The J Flynn's 'Decorative Dialogue on Defense and Destruction' With Charles Krafft and Mindy Cherri

The China Syndrome
The J Flynn's 'decorative dialogue on defense and destruction'

Charles Krafft's art would be very shocking to some people. But those people would still be shocked by Mel Brooks and Monty Python and sent into a catatonic state by an evening of Adult Swim. And those are not the sort of people who are very likely to ever see Krafft's stuff. For the hipster-art-gallery crowd—and for just about anybody reading this publication—Krafft's art will come across as more decorative than depraved. Compared to, say, the squirming horrors of a Joe Coleman canvas, Krafft's stuff is damn near cute. Sure, Krafft dabbles in Nazi and Manson-family imagery, but he presents it with such a sly wink it would be hard for any reasonable person to take serious offense.

Krafft specializes in objects that look just like those blue-and-white Delftware ceramic gewgaws you would expect to see on the shelves at your grandma's house, only instead of featuring cute little Dutch girls fetching pails of water, Krafft presents intricately painted casts of hand grenades, busts of famous murderers, and so on. It's some funny stuff, but it's definitely not a show you should take your grandma to see. On second thought, maybe I'm underestimating your grandma—if she has a fairly dark sense of humor, go ahead and take the old broad along. She'll probably get a big kick out of it.

“LOL,” Krafft's new show with Mindi Cherry at the J Flynn Gallery, is slightly less provocative than some of his other shows. His little Charles Manson mug almost looks like something they'd sell in the Queen Mary gift shop, and while that psycho Manson stare is always kind of creepy, even in decorative-mug form, it's really no big whoop compared to the genuinely disturbing Adolf Hitler teapot that really got Krafft noticed. Krafft's crucified Mickey Mouse glove is the sort of thing cranky Goths doodle in the margins of their geometry textbooks, while his prettified anthrax container seems like a rather quaint historical curio from Sept. 12. Seriously, after years of articles explaining to us in tedious detail how very unlikely it is that anthrax will ever hurt us, this thing would have to contain actual anthrax to be even slightly frightening.

But Krafft has plenty of smarts and wiseguy charm, and the irony of his work aside, he has the earnest fussiness of a true craftsman. His anthrax container is a gorgeous little thing, and brass knuckles have never looked more lovely than they do here, all white and shiny and embellished with fancy blue flowers. In a 2002 profile on Salon.com, Krafft described his work as “a purely decorative dialogue on defense and destruction.” It's a pithy line, but if he was trying to suggest that this imagery is just a goof to him, I question his commitment to apathy. Get him started, and Krafft has plenty to say about dangerous belief systems.

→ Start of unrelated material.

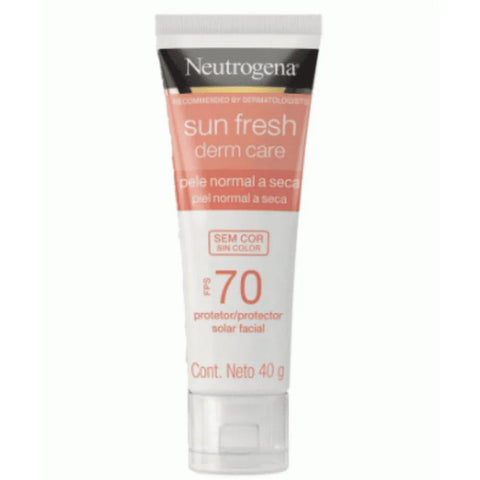 Protetor Solar Facial Neutrogena Sun Fresh Derm Care Sem Cor - Normal a Seca - FPS 70 - 40 g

You could argue that Krafft's Nazi-themed ashtray trivializes the Holocaust, but I'd counter it makes a blunt but effective anti-fascist statement, inviting you to mash out your cigarette beneath a kitschy little swastika. It's a gesture Mr. Hitler surely would not have approved of, a gesture that makes the Nazis, not their victims, look small, disposable and ridiculous. Here's hoping that for his next project, Krafft goes all out and offers us a shiny, ceramic toilet bowl that looks like Hitler's head. (Right in Der Führer's face, indeed.)

As for Krafft's gallery mate, it is not for nothing that Ms. Cherry's just getting a quick mention at the end. Cherry makes a natural duo with Krafft—her Delftware plates, featuring such phrases as SHUT THE FUCK UP and GOOD MOURNING in blinged-out fonts, almost look like something Krafft himself knocked out to help fill the corners of a solo show. But while Cherry's stuff has a certain pop, it's the kind of thing you can just cast your eye across a wallful of and, in 30 seconds, have gotten the whole idea—fancy plates, nasty text. She also makes funeral urns that say stuff such as LOSER and BITCH. If you actually buy one of these things to put somebody's ashes in, you should probably also buy the urn labeled ASSHOLE—because I'm guessing that after you croak, somebody will find it very handy.